Introducing Stable Behavioral Signatures: Clustering JavaScript by What It Does

ScanMalware Research Team
9 min read

Stable Behavioral Signatures - JavaScript API calls being clustered into behavioral categories

The Problem: Exact Hashes Don't Cluster

ScanMalware's JavaScript analysis engine monitors runtime behavior during scans -- tracking API calls like eval(), setTimeout(), fetch(), and DOM manipulation. Until now, we hashed this behavioral data with SHA-256 to create a composite fingerprint. The idea was simple: same behavior, same hash.

In practice, it didn't work. SHA-256 is an exact-match algorithm: a single bit difference produces a completely different hash. Runtime profiling data includes non-deterministic values like CPU sampling counts that vary between executions. The result: 95% of behavioral hashes were completely unique, matching only a single scan. For critical and high-risk scans, the ratio was essentially 1:1 -- every malicious scan had its own unique fingerprint.

The "Find Similar" feature on scan results was returning zero matches for nearly every scan.

Two New Algorithms

We've added two new fingerprinting algorithms that complement the existing composite hash, giving us three layers of behavioral matching with different trade-offs.
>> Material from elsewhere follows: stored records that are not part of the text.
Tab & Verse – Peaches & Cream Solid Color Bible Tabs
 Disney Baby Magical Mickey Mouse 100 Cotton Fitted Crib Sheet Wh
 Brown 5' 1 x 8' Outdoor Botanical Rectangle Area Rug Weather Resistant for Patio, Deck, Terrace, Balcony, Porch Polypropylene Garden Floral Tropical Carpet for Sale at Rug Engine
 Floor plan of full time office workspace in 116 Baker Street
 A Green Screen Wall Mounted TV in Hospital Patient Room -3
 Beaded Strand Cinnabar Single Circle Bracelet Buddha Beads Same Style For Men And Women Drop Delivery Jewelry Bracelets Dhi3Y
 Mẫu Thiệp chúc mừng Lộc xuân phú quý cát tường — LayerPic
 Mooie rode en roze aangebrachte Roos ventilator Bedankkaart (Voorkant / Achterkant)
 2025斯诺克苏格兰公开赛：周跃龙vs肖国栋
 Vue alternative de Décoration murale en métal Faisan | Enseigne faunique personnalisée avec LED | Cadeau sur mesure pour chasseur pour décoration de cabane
Stable Behavioral Signatures

Instead of hashing exact API call counts, we categorize behavior across 21 dimensions, grouped into five categories:

API usage buckets (7 dimensions) -- each monitored API is bucketed by call count:

CountBucket
0none
1-3low
4-10med
11-50high
51-200vhigh
201+extreme

This applies to eval, Function(), setTimeout, setInterval, fetch, document.write, and DOM manipulation (innerHTML/outerHTML).

Risk flags (4 dimensions) -- boolean yes/no for whether eval, Function constructor, DOM manipulation, or document.write are used at all.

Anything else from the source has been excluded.